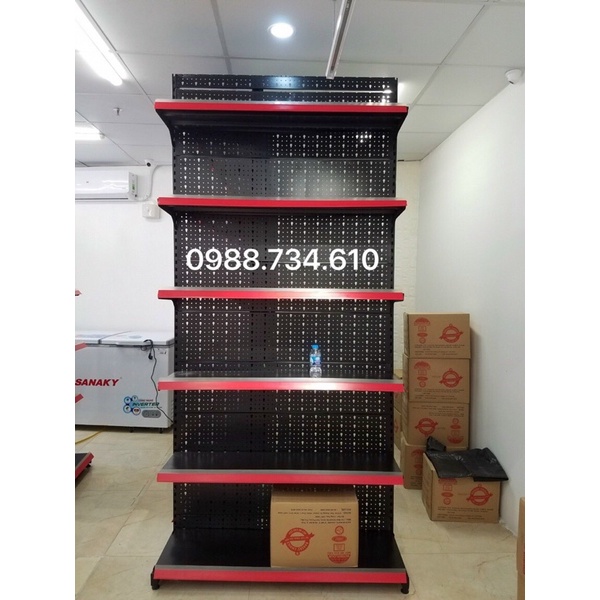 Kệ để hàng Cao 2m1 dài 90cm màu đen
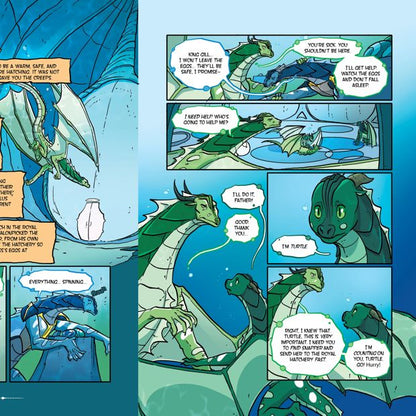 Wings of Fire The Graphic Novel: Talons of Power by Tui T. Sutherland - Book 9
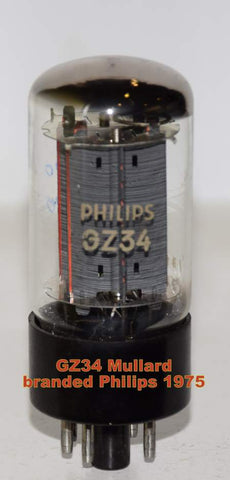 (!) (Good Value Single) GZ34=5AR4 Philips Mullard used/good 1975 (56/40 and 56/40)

...

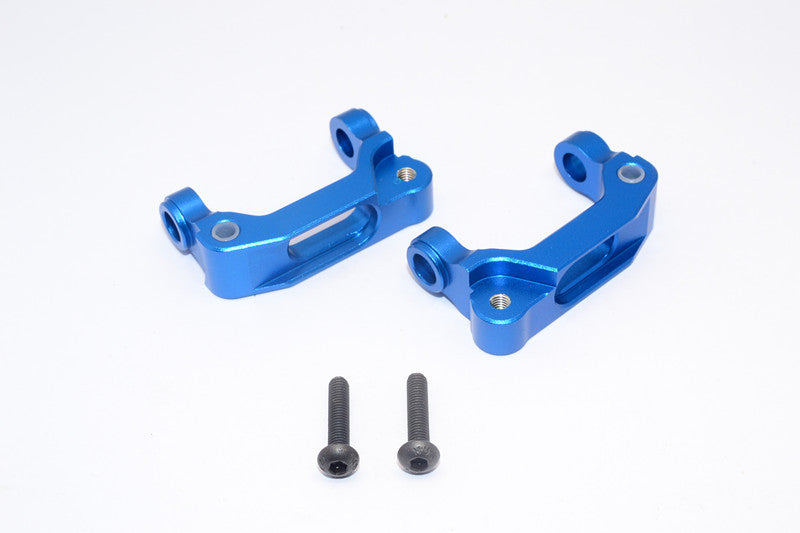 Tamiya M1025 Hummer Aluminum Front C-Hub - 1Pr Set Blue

Instructions for the task:
What's needed is an exact copy of the records above from the line containing "Wings of Fire" down to the line containing "(!) (Good Value", both included, without any pictures.

Output below:
 Wings of Fire The Graphic Novel: Talons of Power by Tui T. Sutherland - Book 9
 (!) (Good Value Single) GZ34=5AR4 Philips Mullard used/good 1975 (56/40 and 56/40)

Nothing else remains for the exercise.